Add timestamps to everything that may relate to experiment output

Preferably every log message of the controller
Flow statistics logs
Iperf running scripts (already done to some extent, need to check if sufficient), both server and client side.

Controller: Implement a basic unit testing framework

There are now quite separate functionalities inside the project which can be tested individually through unit tests. The test framework for this should be set up.

Controller: Implement rule setting more natively than HTTP calls

In some cases (especially initialization) it might be problematic to make an HTTP call to another app in the same controller. If there is a better way, it should be implemented.

Mininet: Implement mininet scipts to perform more automatic functionality testing

This lies in my stash as WIP not working for some reason. May be good for starting point

diff --git a/slicing/mininet/mn-slicing.py b/slicing/mininet/mn-slicing.py
old mode 100644
new mode 100755
index 5b20cbc..6d8f645
--- a/slicing/mininet/mn-slicing.py
+++ b/slicing/mininet/mn-slicing.py
@@ -1,4 +1,10 @@
+#!/usr/bin/env python2
+
+from mininet.node import RemoteController
 from mininet.topo import Topo
+from mininet.net import Mininet
+from mininet.log import setLogLevel
+from mininet.cli import CLI
 
 
 class SlicingTopo(Topo):
@@ -23,3 +29,26 @@ class SlicingTopo(Topo):
 
 
 topos = {'slicingtopo': (lambda: SlicingTopo())}
+
+
+def run_process(node, cmd):
+    # type: (object, str) -> int
+    node.cmd(cmd)
+    return int(node.cmd('echo $!'))
+
+
+if __name__ == '__main__':
+    # Tell mininet to print useful information
+    setLogLevel('info')
+    "Create and test a simple network"
+    topo = SlicingTopo()
+    net = Mininet(topo, controller=RemoteController('c0', ip='192.0.2.1', port=6653))
+    net.start()
+    h1 = net.get('h1')
+    h2 = net.get('h2')
+    server_pids = []
+    h1.cmd("ping 10.0.0.1")
+    # for x in [5001, 5002, 5003]:
+    #     server_pids.append(run_process(h1, "iperf -s -u -i 1 -p %d" % x))
+#    CLI(net)
+    net.stop()

Update READMEs based on the changes

The new READMEs should reflect the architectural and purpose-related changes so that it will make sense when submitted as part of the master's degree.

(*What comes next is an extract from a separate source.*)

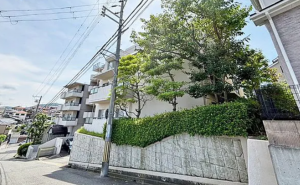 神戸市垂水区美山台、マンションの外観画像です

controller: Accommodate logging to the multi-switch setup

Logging has been designed with a single switch in mind and it is confusing or not comprehensive sometimes.
Until the whole project becomes flow-centric (from currently being switch-centric), logging needs to be adjusted to reflect the switches about which it logs.

Consider setting default iperf client bandwidth to 40Mbps

With 30Mbps, it is not obvious enough how adaptation affects different participants. As ue1 and ue2 do not have any common outgoing ports with ue3 along the paths from b and c, the path to ue1 and ue2 only transmits 60Mbps which does not show a really significant drop in either of their received data rates. It's a few Mbps on both sides that show up in the log but that is not much more than what is lost anyway due to the imperfect implementation of the bandwidth limiting solution.

With 40Mbps outgoing traffic, both ue1 and ue2 experience under 20Mbps incoming traffic sometimes which makes the effect obvious. Then, the slicing will show, ue2 have 25Mbps granted which is the whole point.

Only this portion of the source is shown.